Crawled caption data
※
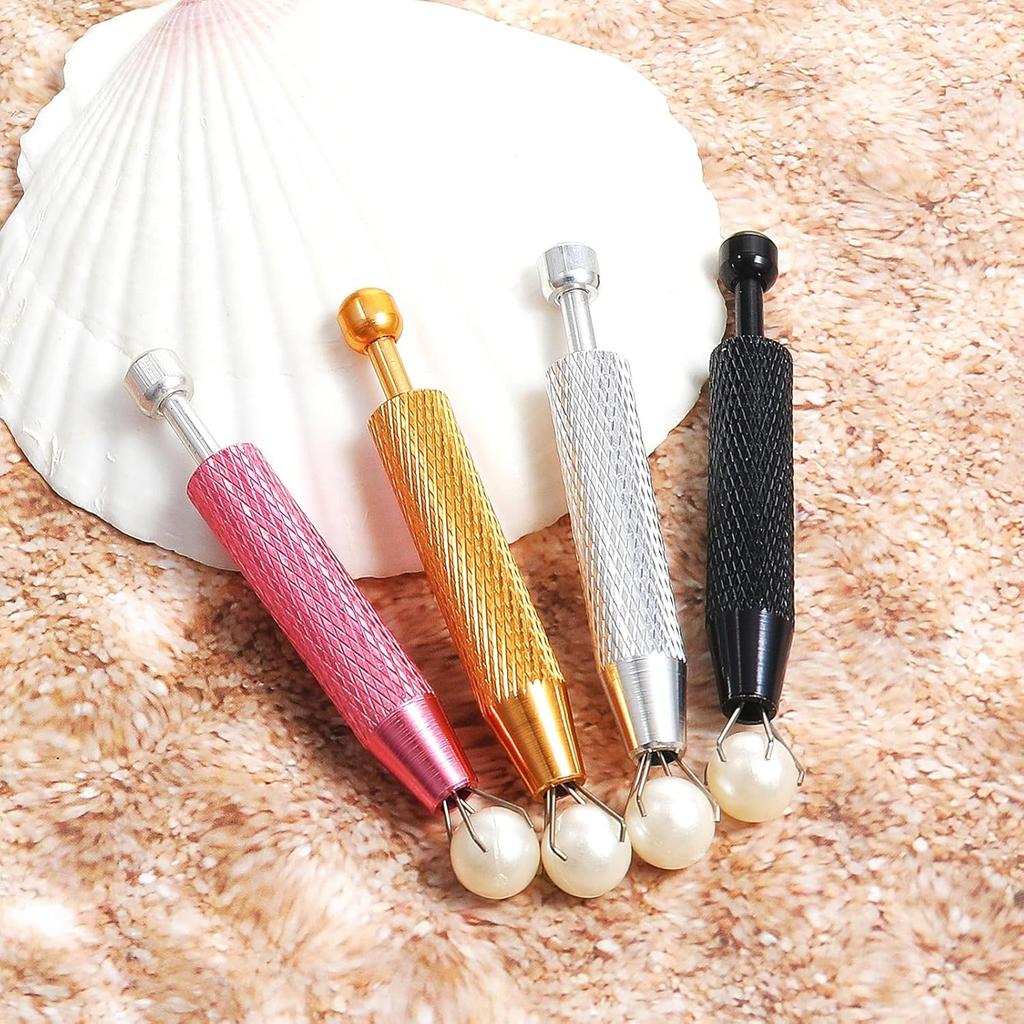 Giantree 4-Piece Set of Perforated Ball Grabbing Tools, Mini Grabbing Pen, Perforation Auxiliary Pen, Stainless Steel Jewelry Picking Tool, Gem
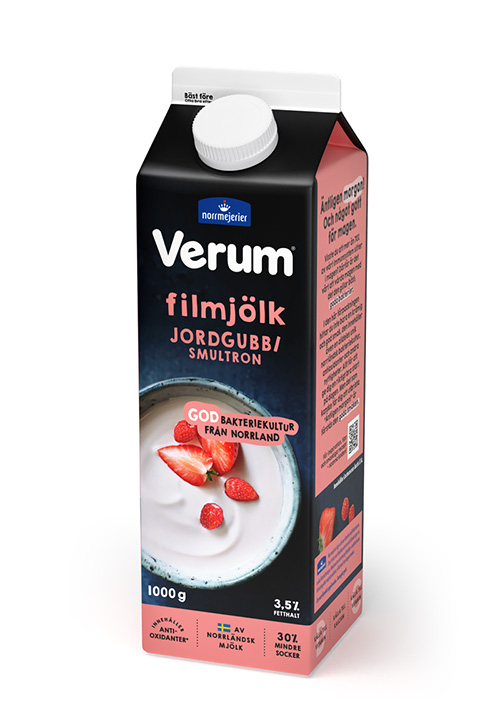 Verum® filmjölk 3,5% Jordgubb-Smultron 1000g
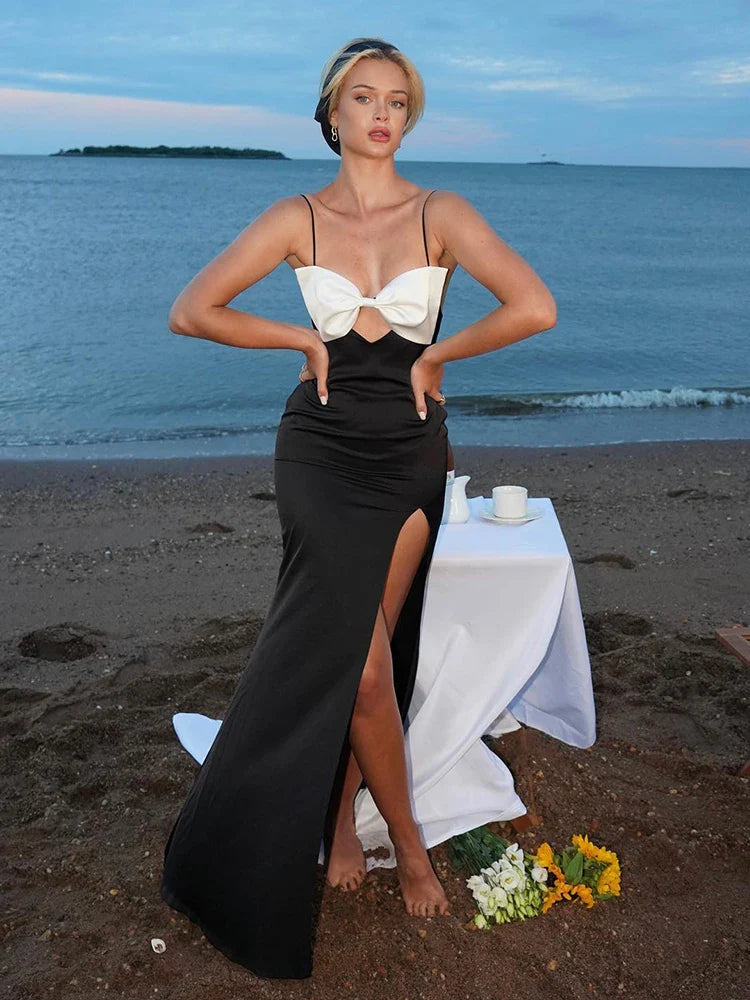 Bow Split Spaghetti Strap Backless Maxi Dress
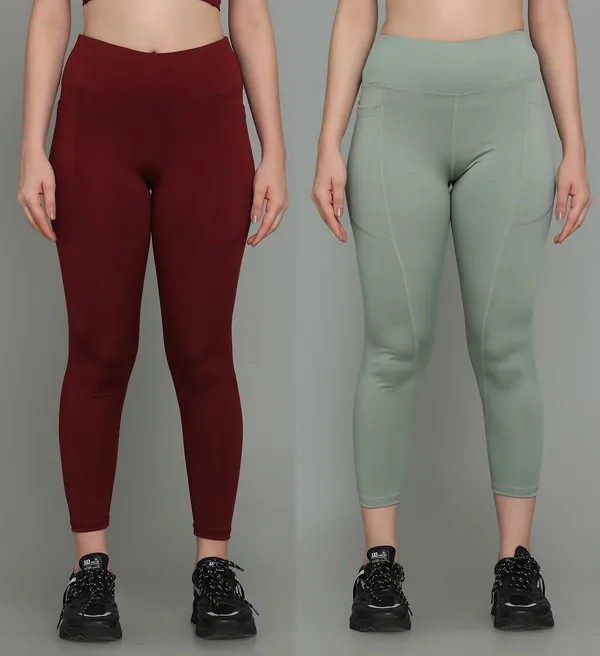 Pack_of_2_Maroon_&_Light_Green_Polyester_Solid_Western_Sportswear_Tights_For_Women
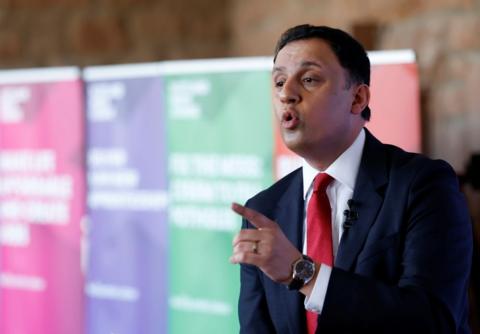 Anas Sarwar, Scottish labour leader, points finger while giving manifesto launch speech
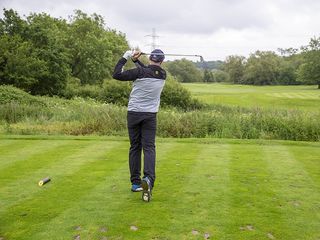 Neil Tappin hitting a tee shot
※
* Assignment *
Would it be possible to print the records above verbatim, pictures omitted?

* Written answer *
 Giantree 4-Piece Set of Perforated Ball Grabbing Tools, Mini Grabbing Pen, Perforation Auxiliary Pen, Stainless Steel Jewelry Picking Tool, Gem
 Verum® filmjölk 3,5% Jordgubb-Smultron 1000g
 Bow Split Spaghetti Strap Backless Maxi Dress
 Pack_of_2_Maroon_&_Light_Green_Polyester_Solid_Western_Sportswear_Tights_For_Women
 Anas Sarwar, Scottish labour leader, points finger while giving manifesto launch speech
 Neil Tappin hitting a tee shot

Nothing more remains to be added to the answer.